Hermione's equilibrium wasn't at all helped by Snape shunting her through the doors of Queerditch Village's seediest pub, thrusting his satchel into her arms along with a brusque instruction to sit down, before making his way to the bar without asking if she wanted anything.
He must be the darling of the social set, she thought muzzily as she found a relatively clean table in the far corner. The bench chair groaned as she sat carefully on it, and she felt the urge to groan in harmony when her shoe stuck to an unidentifiable substance ground into the rushes on the floor. The one hospitality venue in all of Wizarding Britain that still had mice-riddled reed flooring, and he took her straight to it with unerring accuracy. Wonderful. She stared daggers at the back of his head and wondered what would happen if she looked through his grotty old bag.
Severus Snape, the surprising constant in her life for the last four years. He turned up in Queerditch Village roughly every six months, or exactly one week before school holidays started, and spent the afternoon going through residential records as they ignored each other at a mutually comfortable level.
She asked him one day exactly what he was doing, and he'd given her a long unreadable look before turning back to his own little ledger. "A Hogwarts education isn't cheap, Miss Granger. Certain parents think that by making their family Unplottable before the invoices show up, they won't have to pay. Minerva sends a literate lackey off to the nearest residential record facility, which would be your hole of a library, to find the names and addresses of the closest family relative, and we make them accountable for the bills instead."
She presumed that he was the errand boy by choice, not by force – after all, a few extra Galleons in a pay packet wasn't anything to be sniffed at, especially not on a teaching wage – and had left it at that. A valid excuse to escape from school early on a Friday afternoon was probably just the icing on the cake.

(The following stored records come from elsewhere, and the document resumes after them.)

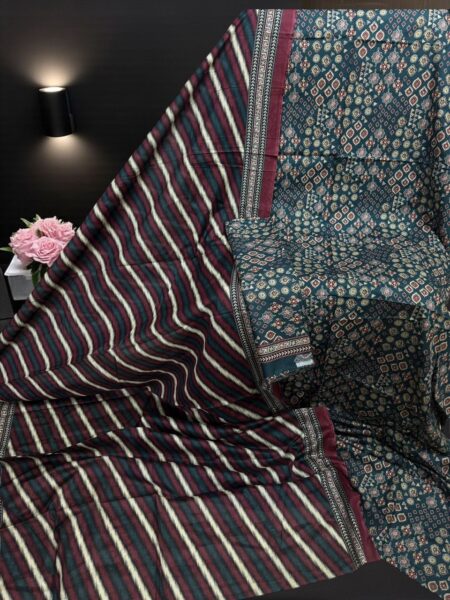 Elegant 2 Piece Suit - Chiffon - Casual Wear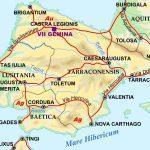 Peninsula Iberică (anul 125)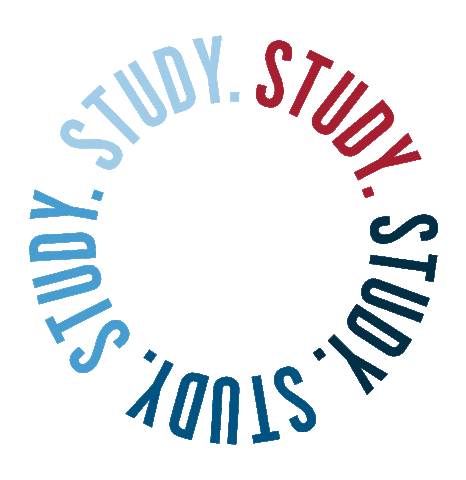 College Life School Sticker by IWU National & Global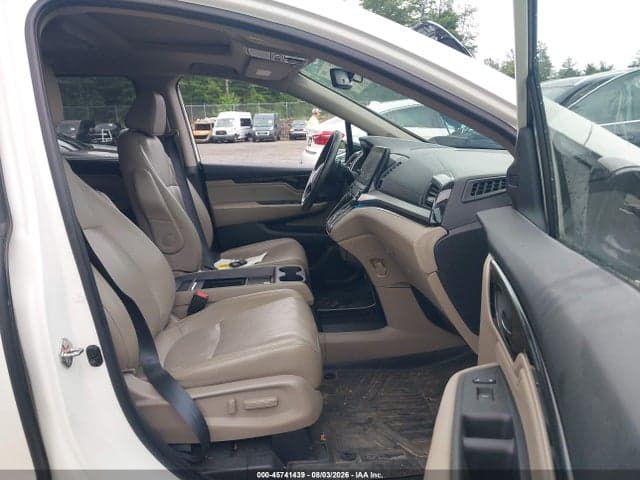 2019 HONDA ODYSSEY ELITE 5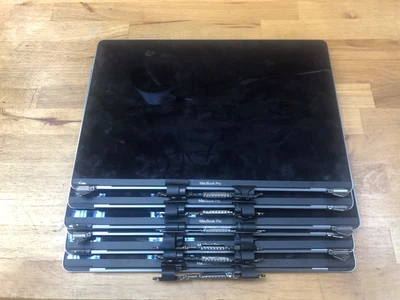 £1.20 • Buy JOB LOT Faulty Apple MacBook Pro 15  LCD Screen Top Lid Assembly A1707 A1990 X6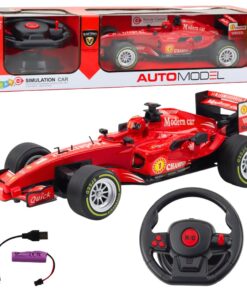 RC lenktyninis automobilis 1:12 su garsais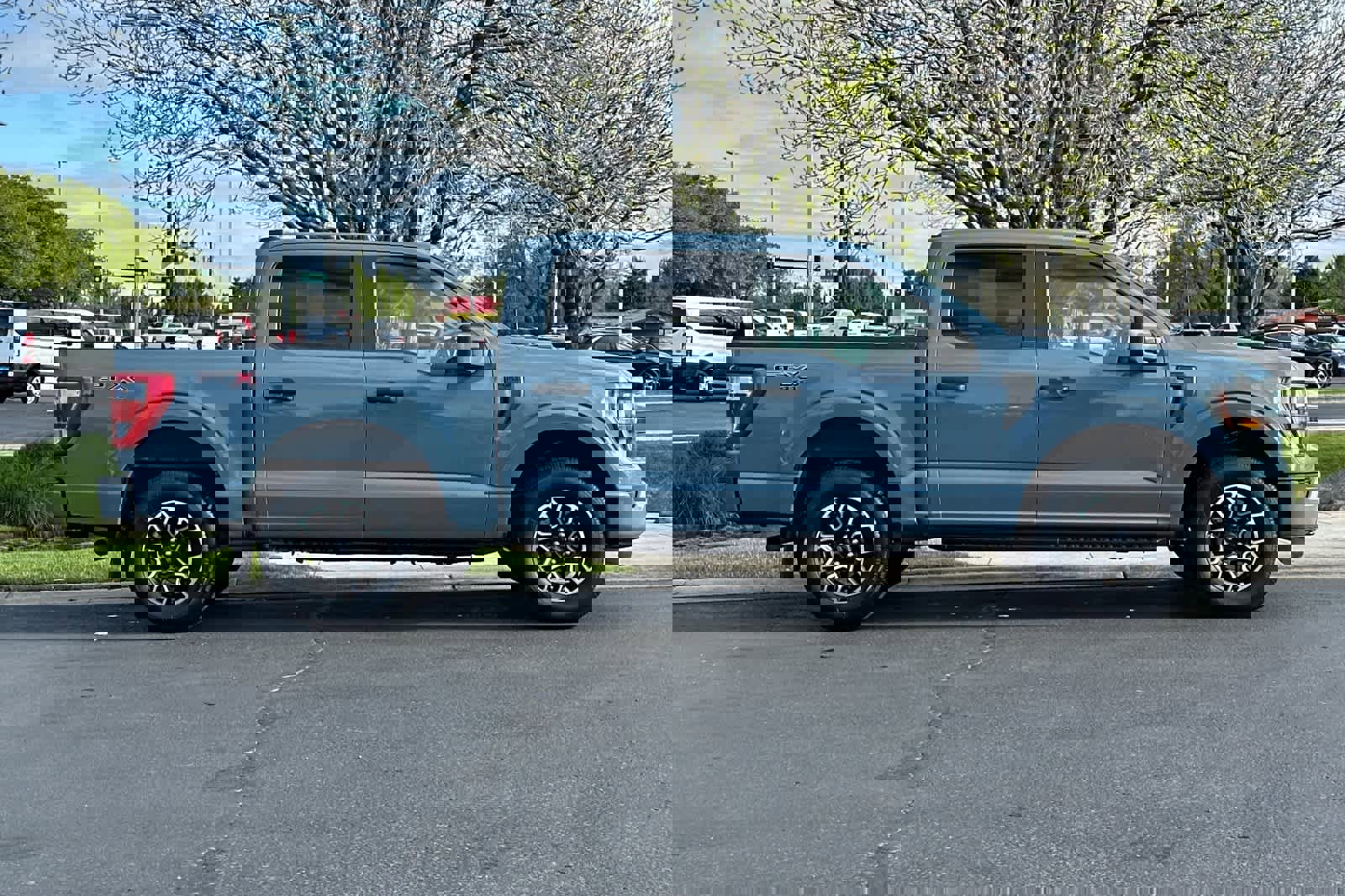 Certified 2023 Ford F150 XL w/ STX Appearance Package AWD/4WD image 8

He was, in his own way, decent enough company for those few short hours. Snape rarely gossiped and his grasp at small talk finished somewhere between discussing the weather and insulting her appearance. There was something vaguely comforting about him scratching away at his notes or complaining as he shifted his satchel (now mostly held together by Spellotape and hope; in a fit of generosity she'd thought about giving him a new bag, but rightly thought that it would go down about as successfully as a lead balloon) from shoulder to shoulder and taking one step for her every two on their coincidental walk home – her to her overgrown house, him to the Western Wood and a short Apparition to Hogwarts.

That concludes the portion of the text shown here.